# can't initialize iptables `nat': Table does not exist[solved

## phil_at_nhs

Nat, filter, whatever I try.  Found a few things on the net, but nothing that seemed to work.  

Where should I look?

ThanxLast edited by phil_at_nhs on Wed Jul 09, 2008 9:22 pm; edited 1 time in total

----------

## Akhouk

You probably don't have the kernel modules available. When you configure your kernel go to Network->Network Options and select Network Packet Filtering Framework and then under that you will want to enable at least the core and IP Netfilter options. It is probably safe to enable all the modules even if you don't know what they are and if you want to use them as they will only be loaded into the running kernel if actually needed.

----------

## phil_at_nhs

I configured my kernel as recommended in http://gentoo-wiki.com/HOWTO_Iptables_for_newbies, as well as added a few additional options, (pretty much anything that did not say "experimental",) under those two areas thinking that it is better to have and not need, then the other way around.

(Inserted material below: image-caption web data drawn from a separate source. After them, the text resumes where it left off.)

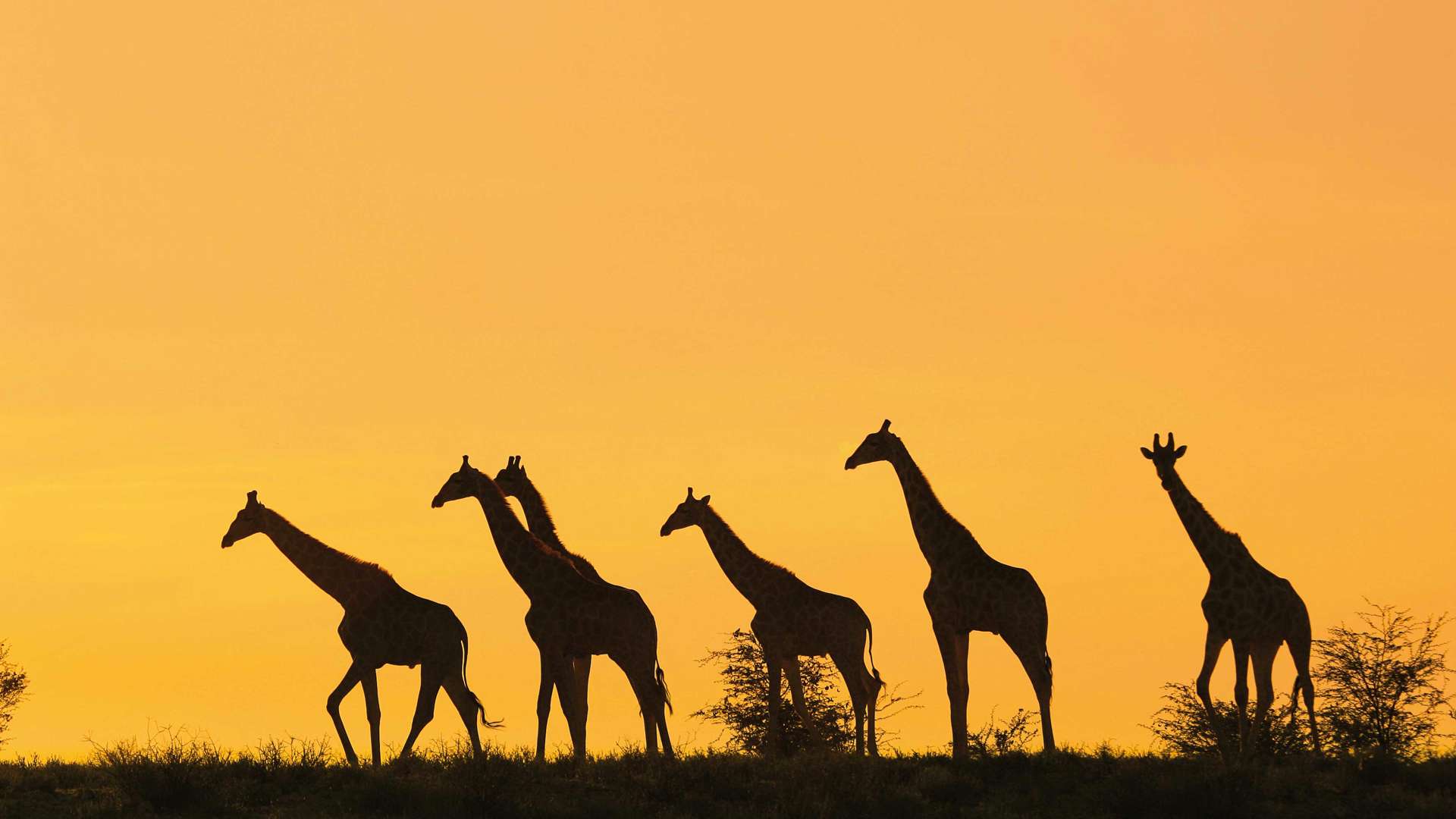 Giraffes at Sunset, Kenya 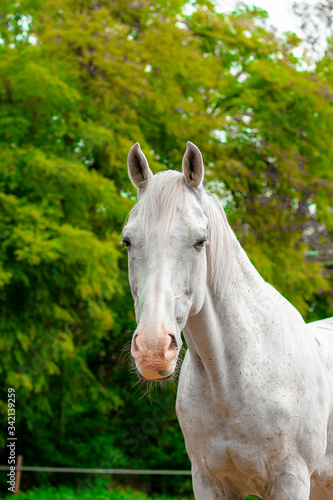 Horse portrait closeup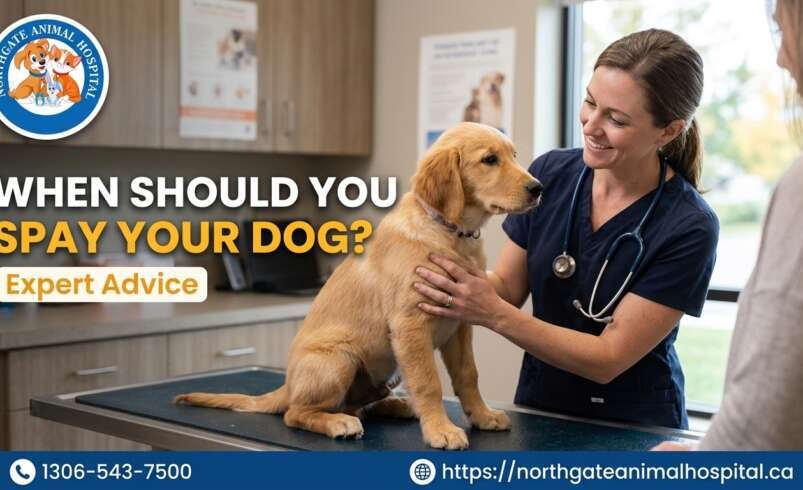 When Should You Spay Your Dog? Expert Advice
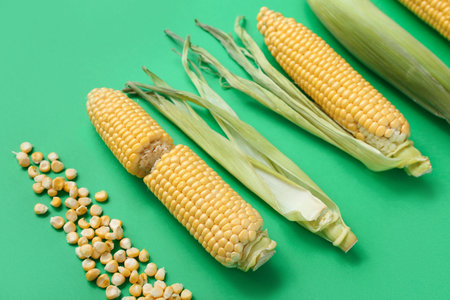 Fresh corn cobs and kernels on green background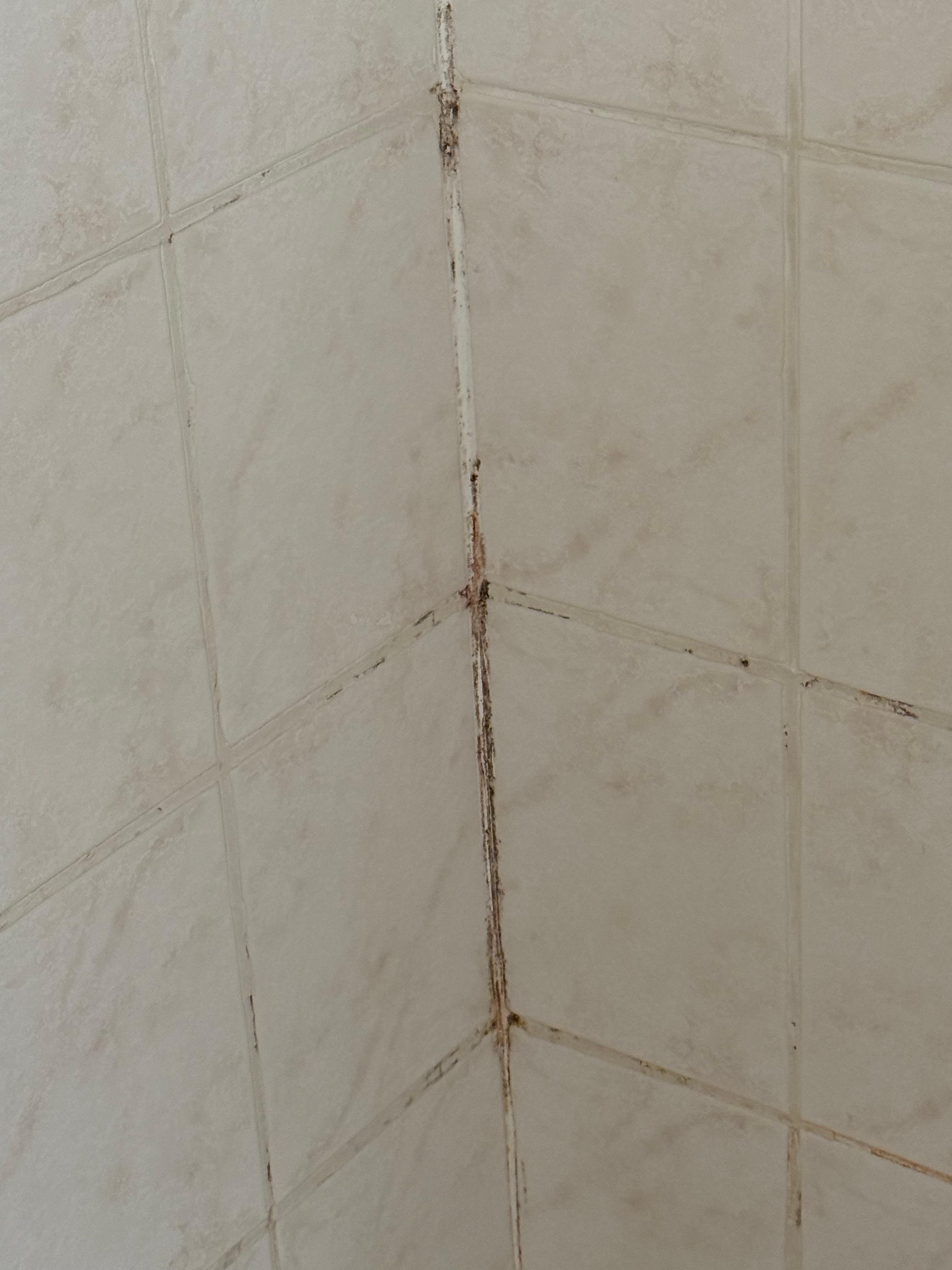 Moldy shower!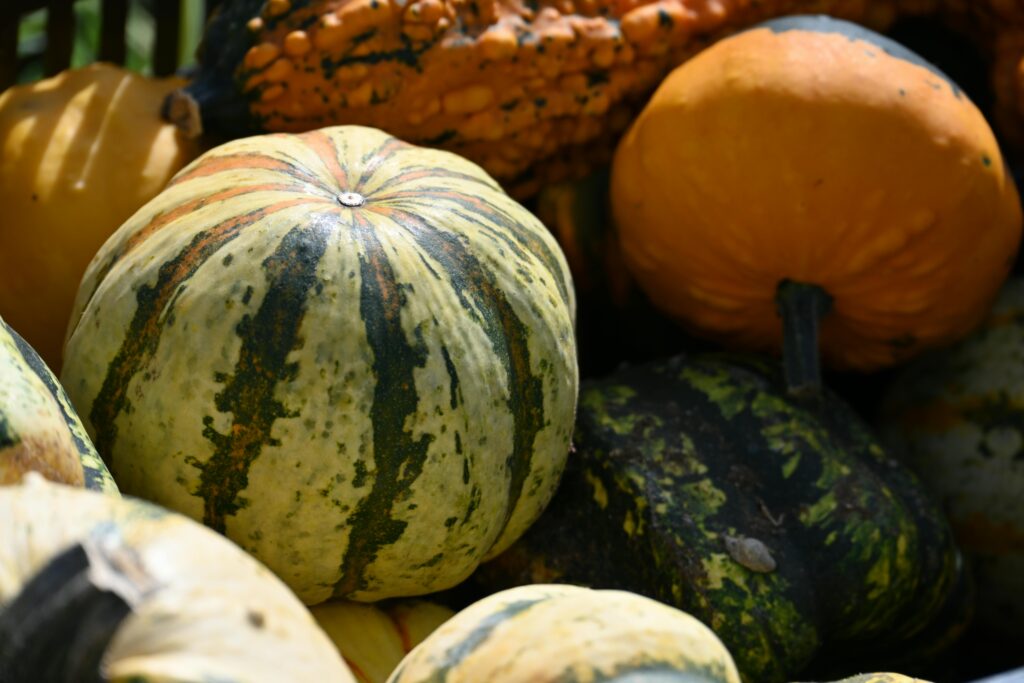 Short Sale Vs Foreclosure Red Deer, Foreclosure Or Short Sale Red Deer, Red Deer Foreclosure Options, Red Deer Short Sale Help, Difference Between Short Sale And Foreclosure Red Deer, Foreclosure Vs Short Sale Red Deer, Selling Your Home Red Deer Foreclosure, Red Deer Real Estate Foreclosure Guide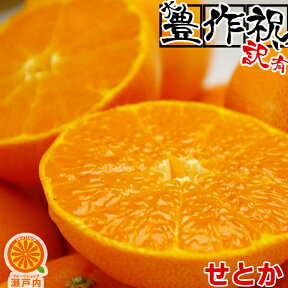 愛媛産 訳ありせとか 2kg【2品で+2kg(6kgセット) 】【送料無料(一部地域除く)】不揃い・傷あり 愛媛県産 家庭用 フルーツ 果物 くだもの お試し 食品 蜜柑 せとかみかん コロナ お家時間応援 柑橘類 かんきつ デザート 産地直送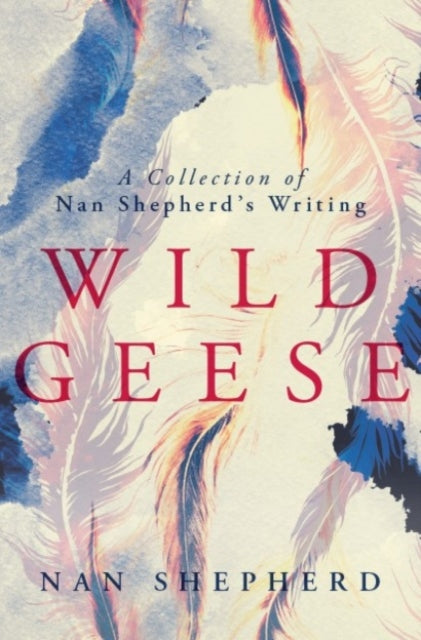 Wild Geese : A Collection of Nan Shepherd's Writings by Nan Shepherd 9781912916108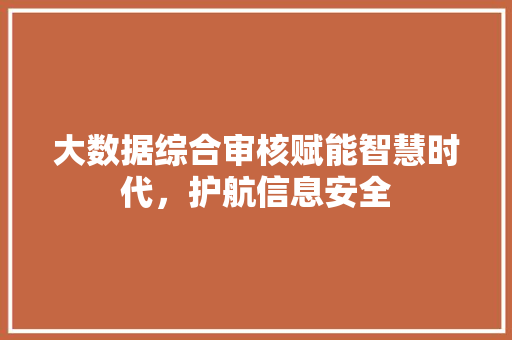 大数据综合审核赋能智慧时代，护航信息安全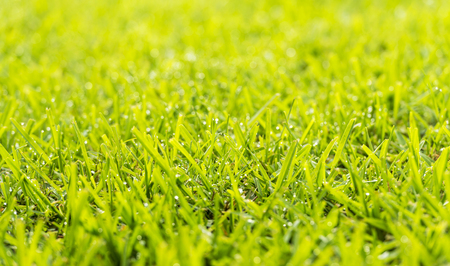 Green grass lawn with fresh morning dew drops in sunlightの写真素材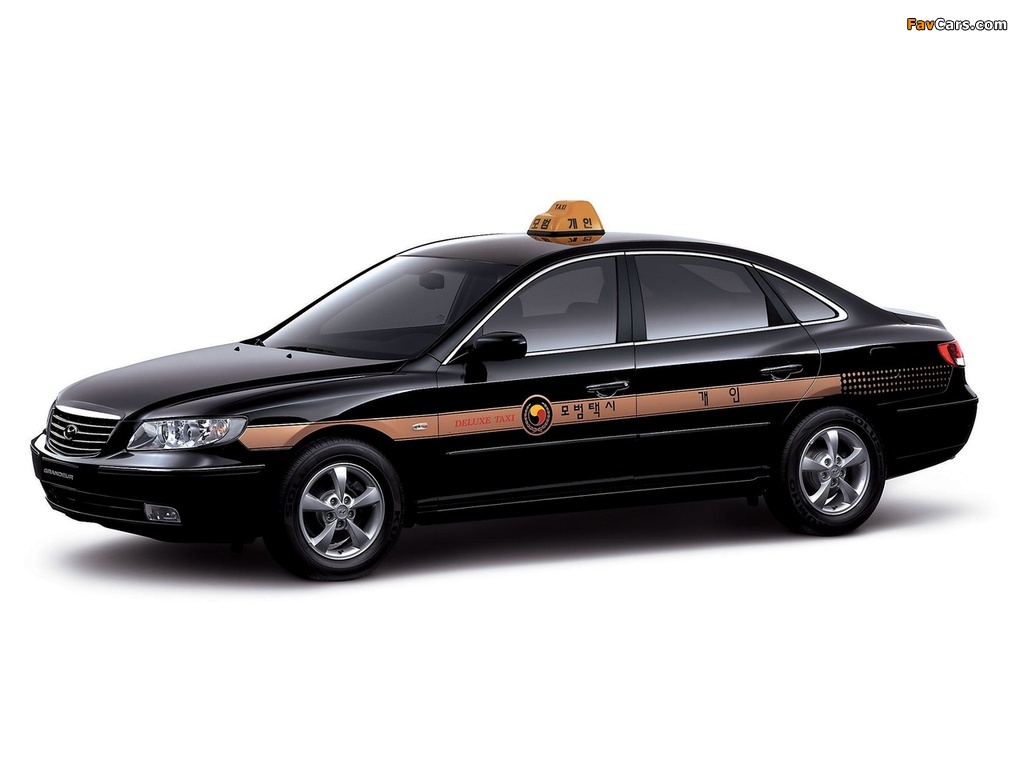 Pictures of Hyundai Grandeur Taxi (TG) 2005–09 (1024 x 768)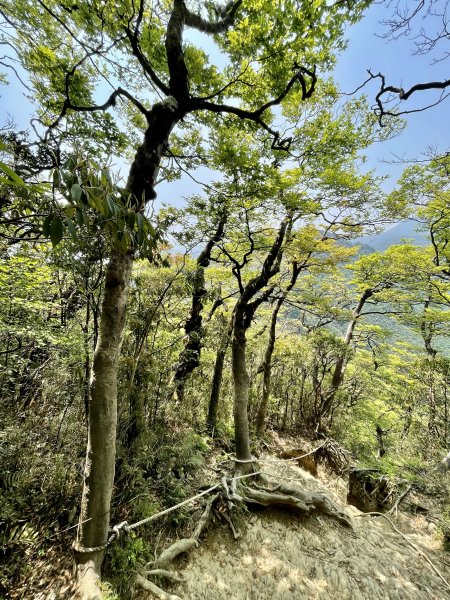 北插天山-水晶蘭,杜鵑,山毛櫸1337496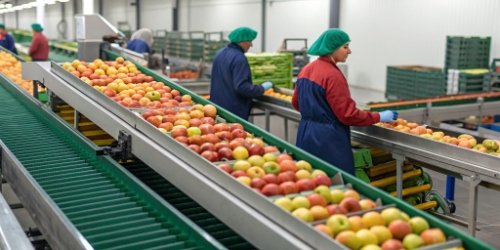 Fruit and Vegetable Sorting Data A modern fruit sorting line with sensors and conveyor belts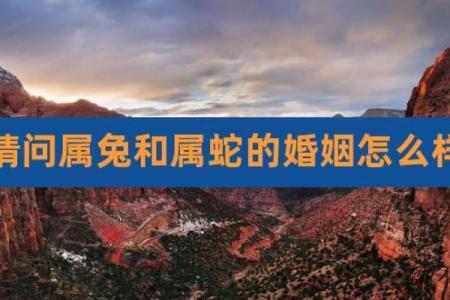 属兔女性与属牛男性婚姻合适吗？全面解析相配的可能性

However, I did not load any of these as "M" but as "*".  Is this a problem?

Also, being a noob, am I missing something in the process?  Change to usr/src/linux.  'Make menuconfig,' which sets upi the kernel, then just 'make' to recompile the kernel?  At that point, rebooting shoudl bring in the newly configured kernel, right?

Thanx

----------

## vaguy02

I recommend doing a 'make && make modules_install' even if you don't have any modules yet, you should get into the habit of doing it for later and you don't know if you have any modules hidden below in other menus.

Also, you have to mount the boot partition, then copy the bzImage file that the make creates to your boot partition as the same file that Lilo or Grub is looking at in order to boot. 

Those would be my suggestions.

Robert

----------

## phil_at_nhs

Not sure which, but both of those things did the trick.

Thanx

----------